• _WHAT TO PRODUCE_
No line before the one holding "SPRUCE PINE HOLLOW - Land" is wanted; restate word for word that line and all lines after it to the end of the entries, excluding pictures.
'''
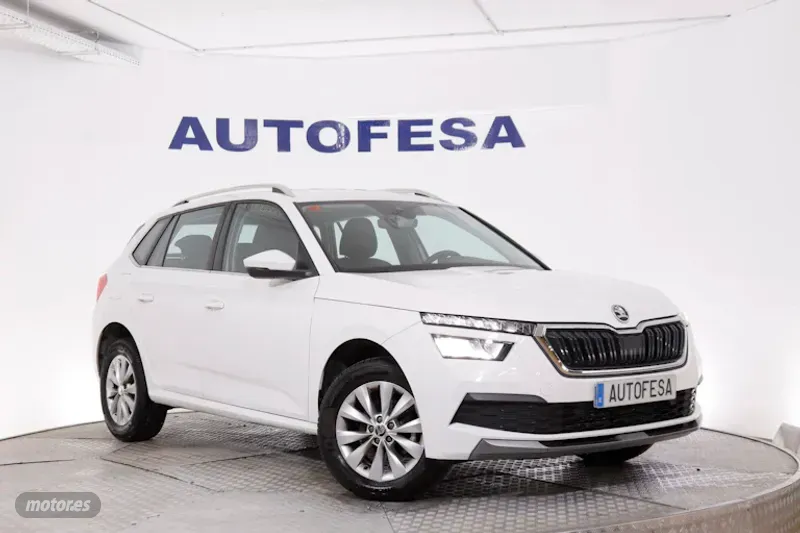 skoda kamiq 2021 / 49.300km. foto grande (3)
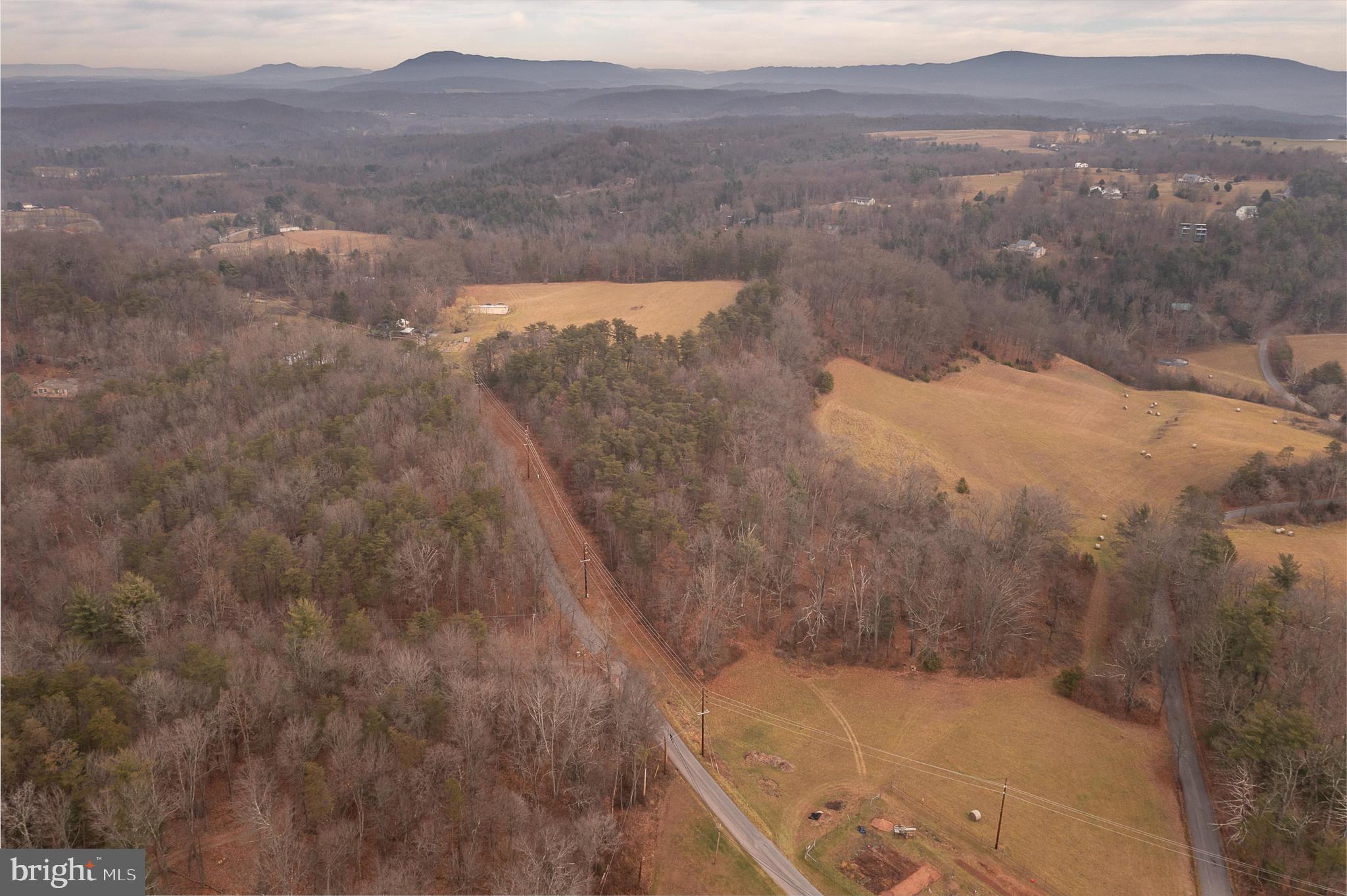 SPRUCE PINE HOLLOW - Land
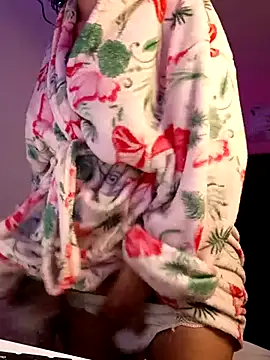 SallyWhitee online show from January 7, 4:39 am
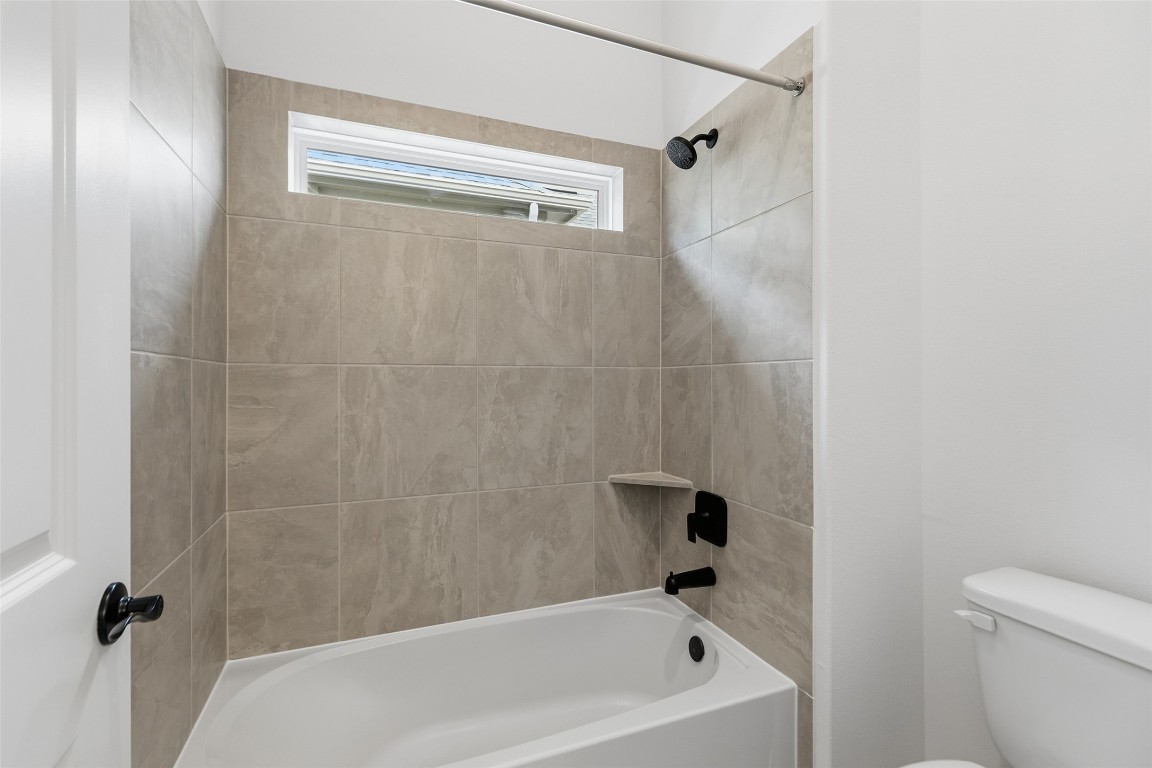 21130 Sunlight Grv Drive Rosharon, TX 77583 - Photo 9 of 34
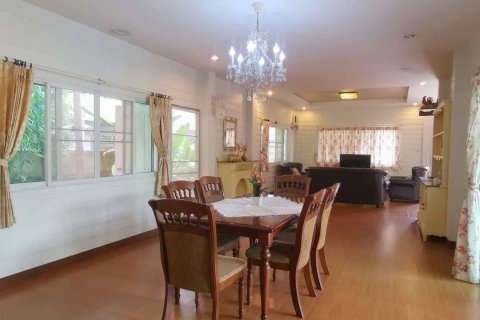 Villa in Chiang Mai, Thailand 6 bedrooms № 139981 - photo 3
'''
• _TASK RESULT_
 SPRUCE PINE HOLLOW - Land
 SallyWhitee online show from January 7, 4:39 am
 21130 Sunlight Grv Drive Rosharon, TX 77583 - Photo 9 of 34
 Villa in Chiang Mai, Thailand 6 bedrooms № 139981 - photo 3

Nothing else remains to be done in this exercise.